Sometimes, as in the Thousand and One Nights, the story takes place on several levels at once. “Ancillary” characters in the story (Vitvitskaïa, Soloviev) are developed in relation to the “central” figure (Prince Lubovedsky). Has the stage set, the blocking been carried out according to an experiential logic of which the meaning has been lost? We are up against one of those Japanese boxes, a masterpiece of cunning, of common sense, of well-crafted skill. Apparently it’s a cube, an assembly of smooth surfaces enclosing a space. But the joinery, turned inward, looks towards a center.

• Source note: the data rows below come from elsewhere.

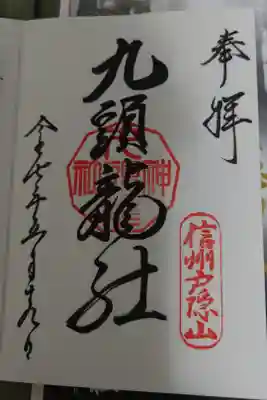戸隠神社九頭龍社の直書き御朱印です。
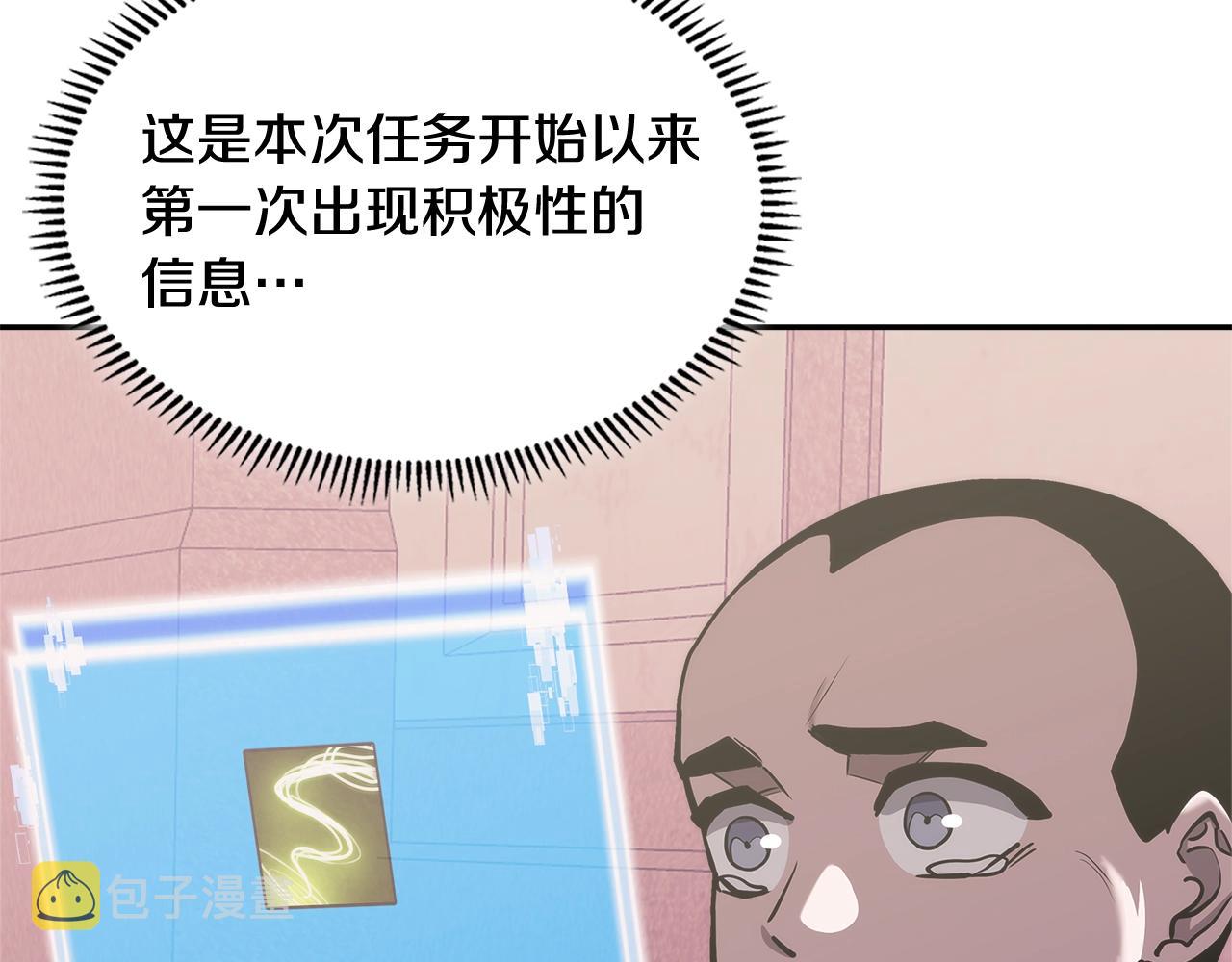 第14话 新技能62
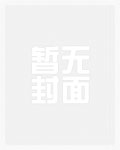 被侵犯的大小姐【NPH】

This series of adventures, these so-called pieces belong to a whole. No matter what passage we recall, what is said has a correspondence elsewhere. There is an untold tale, parallel to the first, which is found higher up, at the high-water mark of ideas that can be perceived only with time. These are the ideas that Gurdjieff, by means of literature and other devices, aimed to make accessible to everyone.

Notes

1 All excerpts are from the English edition of Meetings with Remarkable Men which omits the French publisher’s note that includes this quotation from Frank Lloyd Wright.
2 Meetings with Remarkable Men, New York: Dutton; London: Routledge & Kegan Paul, 1963, p. 83.
3 Ibid, p. 14.
4 Ibid, p. 18.
5 Ibid, p. 115.
6 Ibid, p. 158.
7 The passage about Ani is in Meetings, pp. 87–88.
8 Meetings with Remarkable Men, p. 198.
9 Translator’s note: The Pandj (Pyandzh) River is a tributary of the Amu Darya. These two rivers form the border of the extreme northeastern corner of Afghanistan, where the Hindu Kush Mountains are found, and separate it from the fertile Fergana Valley to the north in present-day Tajikistan. The English spelling “Pianje” in Beelzebub’s Tales is derived from the Russian spelling “Pyandzha.”